1:51 Now it's a little bit tricky here because this deploy command is going to look up our app name inside of the fly.toml. We don't want it to use that one. That's the production one, so we're going to add an app flag here with our staging app name.

2:04 Now, right here, I get a little bit concerned because I don't like having the configuration duplicated between two different places. Like those two strings are really important and close, and they're supposed to be that way. I'd rather have that be encoded in the way that things are written.

2:23 Instead of hard-coding this, I'm going to use another action step that will read the app name, from our fly.toml. This is the SebRollen/toml-action, which has an ID of app_name that I specify.

2:35 Then we say we want them to read the fly.toml and get us the field app and it will expose that to us. Instead of hard-coding this we can use this as a variable, and the variable name is going to be steps.app_name -- that's referencing that ID there -- .outputs.value. That's going to get the value of the app property in the fly.toml.

3:01 Now I don't have to duplicate that app name and I can use this in other apps that I deploy on Fly as well, which is quite nice. With all of that set up, we can now say git commit add staging environment.

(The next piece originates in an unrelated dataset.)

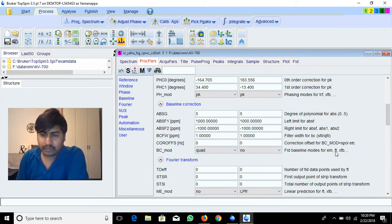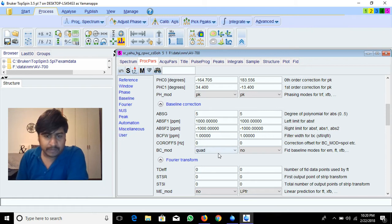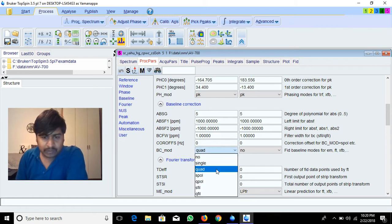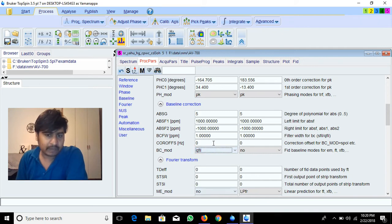The BC mode and BCFW — these two you have to set up. BC mode is currently set as quad; change it to qfill. The BC mode width is 1 ppm by default.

We'll push that, and again, we're pushing to main.

3:19 This is going to actually deploy to our production environment, but we can look at that action as it comes in and ensure that indeed only the production step is the one that gets run here and the staging step gets skipped.

3:35 We'll just let that run, and here we can see the deploy staging step got skipped, but the deploy production step is running just as we would expect.

3:44 Now, let's just test this out really quick. We'll say Demo App staging, in parentheses, and then we'll make a branch called dev. We'll git commit staging and push that dev branch to GitHub. We'll look at our actions again, and we see that staging commit in dev has kicked off a new workflow run.

4:08 This one, hopefully, will just run the staging and will not run the production step so that we deploy to staging instead of production. Indeed it is running the staging step.

4:20 Now it's releasing our v2. We can look at our logs here, pop that open on our brand-new staging environment, which is currently setting up the volume data. It's executed our migrations because it just barely created this new database. Now we're all set. It's already starting to give us logs for those health checks, so we can go to overview and look at this.

4:50 Hostname, open that up. Our staging environment is looking exactly the way it should. It has our changes, and our production app does not have those changes, so we can safely experiment in the staging environment without worrying about the production environment getting affected.

5:05 Inner view, what we did to make this work is we ran the fly apps create command to create our staging environment. Then we ran fly vol create to create the persistent volume for our staging environment.

5:18 Then we updated our deploy.yml so that we would only deploy to production if we're on the main branch and we added a staging step that deploys if we're on the dev branch, and then we also read the app name from the fly.toml so we could use that as part of the deploy command of our staging step.

5:37 Then we pushed our changes, made some changes specifically for our dev branch, and pushed the dev branch. That's how you get a staging environment automatically deployed with Fly.